Shares of software outfit BTRS Holdings (BTRS) -- better known as Billtrust -- were up by 13% as of 11:59 a.m. EST Monday. Its shares have been steadily on the decline since the SPAC merger that brought the company public in January. However, an analyst at JPMorgan Chase (JPM -0.26%) recently rated the stock a buy and put a price target of $15 on it -- implying some 60% upside from where it's trading now.
Billtrust provides cloud-based software for billing and payments, helping its customers save time and money compared to traditional invoicing and check-acceptance methods. The company reported 27% year-over-year revenue growth in its software and payments business in Q2 2021 to $24.6 million. But with a market cap of upwards of $2.5 billion earlier this year, expectations were high for Billtrust.
To boost its long-term prospects, last month, it acquired Belgium-based business-to-business digital payments specialist iController for $58 million. That will give Billtrust a larger presence in Europe, and help support its efforts to expand its gross profits by a percentage in the high 10% to low 20% range in the coming year.
Billtrust will deliver its third-quarter report on Wednesday.

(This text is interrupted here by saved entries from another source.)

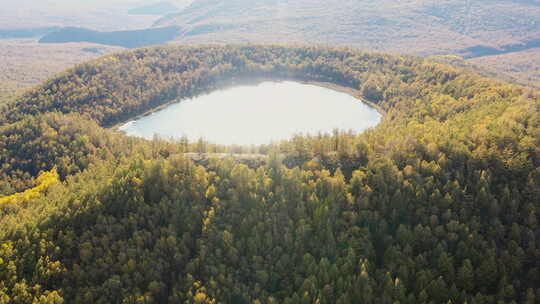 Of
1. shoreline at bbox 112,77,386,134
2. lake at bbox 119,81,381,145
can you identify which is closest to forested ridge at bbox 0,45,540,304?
lake at bbox 119,81,381,145

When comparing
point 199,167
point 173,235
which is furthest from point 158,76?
point 173,235

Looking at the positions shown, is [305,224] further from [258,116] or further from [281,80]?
[281,80]

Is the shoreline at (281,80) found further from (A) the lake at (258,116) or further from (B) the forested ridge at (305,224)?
(B) the forested ridge at (305,224)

Management previously said to expect net revenue of $128 million at the midpoint of guidance for full-year 2021, which represents an 18% increase over 2020. Adjusted gross profit margin should be in the 70% to 71% range, although adjusted EBITDA (earnings before interest, tax, depreciation, and amortization) will likely be a loss of between $14 million and $16 million.
Currently, Billtrust stock trades for just under 12 times expected 2021 sales, giving it a market cap of $1.5 billion. At that level, it's not exactly a cheap software stock. However, if it can continue growing at a double-digit percentage pace and make further progress toward profitability, it could be a long-term value in the greater digital payments and software-based bill management space.